State of Play
Running time 127 minutes
Written by Matthew Michael Carnahan, Tony Gilroy and Billy Ray
Directed by Kevin Macdonald
Starring Russell Crowe, Ben Affleck, Rachel McAdams, Robin Wright Penn, Helen Mirren
State of Play is the latest incoherently written, mass-entertainment gibberish by the overrated Tony Gilroy. Two other writers share the credit, but the movie implodes bearing the burden of the same smart-aleck Gilroy trademarks as Michael Clayton, Duplicity and all those incomprehensible Bourne identities, supremacies and ultimatums: glam stars spouting corny dialogue, current events shrouded in enough violence and sex to keep the audience awake and labored plot twists hammered to death by a storm of clichés.
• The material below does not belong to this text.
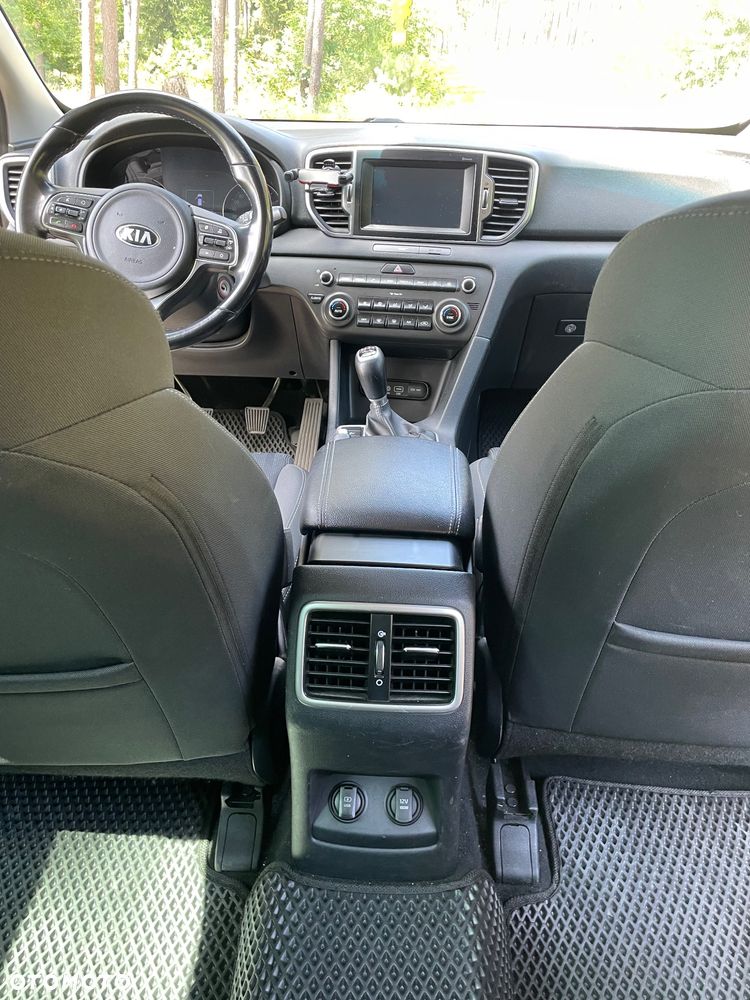 Kia Sportage 1.7 CRDI L 2WD - 19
None of it makes any sense, but people go away from this kind of formulaic gumbo smiling. “Of course it collapses under close scrutiny,” said one critic leaving the screening I attended, “but it’s fun.” So is the kind of mustard-splattered chili dog that leads to acid reflux.
Melding journalism, politics and big business, the plot is a din of babble that begins with the death of a sexy head researcher working for ambitious Congressman Stephen Collins (Ben Affleck), who is investigating Defense Department outsourcing in Iraq and Afghanistan and war profiteering by a private security company called Pointcorps (think Halliburton) that is bidding billions of dollars for a contract to control Homeland Security. Stay with me. It gets worse. Across town from the Congressional hearings, at a major Washington, D.C., newspaper, sits Russell Crowe, a fat, hairy, unshaven and unhealthy-looking slob who looks like something that just crawled out of a cave. He is Cal McAffrey, a renegade reporter who puts two and two together and discovers that the dead girl was the congressman’s drug-loving mistress and a double agent working for Pointcorps. Linking her death to two other murders on the same day, he gradually unravels a swampy jumble of a scandal that makes the congressman a media target. This gets edgy, see, because the congressman and the creepy reporter used to be college roommates and best friends. With three dozen hungry reporters hounding him, Representative Collins camps out at the reporter’s apartment. (Yeah, fat chance, and with three you get eggroll.) Thickening the preposterous brew, McAffrey is saddled with a perky, pretty cub reporter (Rachel McAdams) who tracks down facts he’s trying to keep out of the paper, and Collins’ humiliated wife (a wasted Robin Wright Penn) is recruited to clean up his reputation with the public. The reporter is torn between loyalty to an old friend and the need to stop corporate and government perversion, and a mannish editor named Cameron Lynne (Helen Mirren) cusses like a drunken sailor and holds up the front page for four hours so her reporters can find the killer and solve the murders on their own. The congressman commits political suicide for the common good, but this movie is not over yet. There’s still the obligatory chase in the dark underground parking garage to endure—not to mention fund-raisers, cocktail parties, people thrown to their deaths from subway platforms, assorted flawed politicians, hidden agendas, split personalities and a ballet at the Kennedy Center. When it finally grinds to a halt after 127 minutes of Cuisinart confusion, you go away muttering, “Huh?”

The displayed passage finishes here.